How to make the sauce:
  1. Chop up the garlic into tiny pieces.
  2. Add the olive oil to a pot, heat it up a bit, and then add the garlic.  Stir and let the garlic become yellow (not brown!), and then add the tomatoes.  
  3. Let it all simmer on low temperature for a long time (the longer the better), but don't let the sauce become so thick it burns at the bottom, then just turn it off.  You start out with a thinner sauce and the simmering will make it thicker.  
  4. After simmering for a while, add cut up fresh basil leaves and black pepper, to taste.
  5. When the sauce is done, check if you need to add some salt. It all depends on how much salt was in the canned tomatoes.
Hints:  If you use chopped tomatoes, then your sauce will be chunky.  If you don't like that, run an immersion blender or use some other tool to smooth the tomatoes first (blender, etc.).  If your sauce is too runny, just let it cook longer. 

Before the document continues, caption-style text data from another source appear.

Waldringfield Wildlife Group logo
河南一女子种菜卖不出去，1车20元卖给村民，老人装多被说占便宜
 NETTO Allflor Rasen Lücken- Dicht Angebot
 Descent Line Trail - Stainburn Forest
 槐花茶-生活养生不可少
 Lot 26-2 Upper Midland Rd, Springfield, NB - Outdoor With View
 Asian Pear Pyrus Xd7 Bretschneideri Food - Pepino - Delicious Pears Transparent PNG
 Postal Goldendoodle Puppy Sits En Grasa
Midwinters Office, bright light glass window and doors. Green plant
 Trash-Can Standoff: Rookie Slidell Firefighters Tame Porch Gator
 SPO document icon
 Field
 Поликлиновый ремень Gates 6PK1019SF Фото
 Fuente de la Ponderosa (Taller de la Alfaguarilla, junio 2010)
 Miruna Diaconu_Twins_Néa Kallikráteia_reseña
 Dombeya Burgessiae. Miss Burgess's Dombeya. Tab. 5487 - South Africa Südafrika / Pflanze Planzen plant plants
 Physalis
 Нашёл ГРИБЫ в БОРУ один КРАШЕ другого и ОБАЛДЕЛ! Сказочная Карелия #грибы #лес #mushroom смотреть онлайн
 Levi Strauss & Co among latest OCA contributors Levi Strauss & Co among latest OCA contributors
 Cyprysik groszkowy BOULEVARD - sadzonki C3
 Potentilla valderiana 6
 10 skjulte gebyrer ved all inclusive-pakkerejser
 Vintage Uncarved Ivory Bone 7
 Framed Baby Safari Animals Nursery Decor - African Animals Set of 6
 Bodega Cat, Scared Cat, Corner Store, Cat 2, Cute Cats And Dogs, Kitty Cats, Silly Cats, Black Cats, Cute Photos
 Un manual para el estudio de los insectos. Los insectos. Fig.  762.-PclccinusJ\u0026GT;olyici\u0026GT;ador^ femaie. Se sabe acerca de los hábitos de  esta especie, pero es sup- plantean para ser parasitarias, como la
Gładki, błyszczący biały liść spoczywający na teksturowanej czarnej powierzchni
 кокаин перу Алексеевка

All our pizzas have some kind of cheese on them, and this layer is added last, on top.  Mostly it is grated mozzarella, sometimes parmesan, and sometimes ricotta or goat cheese.  We never use other kind of 'regular' cheeses, like cheddar, jarlsberg, etc.  They just don't act the same good way on top of a pizza and are only emergency-cheeses.
For all ingredients (except the sauce), try to make them as dry as possible.  Remove wetness by draining them or blog away fat with paper towels.
  • Italian sausage, hot or mild.  Cook this in a frying pan before adding to the pizza (this also gets rid of a lot of fat). (Swedes: this is NOT hot dogs.  This is ground up meat sold as fresh sausage, uncooked.  If you want to imitate this in Sweden, buy ground meat, add lots of spices and herbs, and then fry it up so the meat is  all in little chunks).
  • Pepperoni sausage or chorizo (cut up, not cooked)
  • Thin-sliced onion, raw, or cooked so it caramelizes
  • Thin-sliced mushrooms, fresh (we NEVER use canned)
  • Fresh basil
  • Fresh green or red peppers, thinly sliced
  • Roasted red peppers, canned, drained and dried on paper towels
  • Olives, pitted and cut in half, drained. (Black olives are best)
  • Artichoke hearts, canned, cut in half and drained
  • Shrimp, thawed and shelled, dry on paper towels (you cook these on top of the pizza, so you add them raw to the pizza)
  • Anchovy, drained on paper towels
  • Very thinly sliced eggplant
  • Arugula leaves, fresh (to add at the end)
  • Spinach, cooked, or fresh spinach (which can be watery)
  • Tomatoes, fresh from the garden in summer, great, but watery :)
  • Asparagus, fresh or slightly cooked
Let your fantasy go wild, there are many more options here. 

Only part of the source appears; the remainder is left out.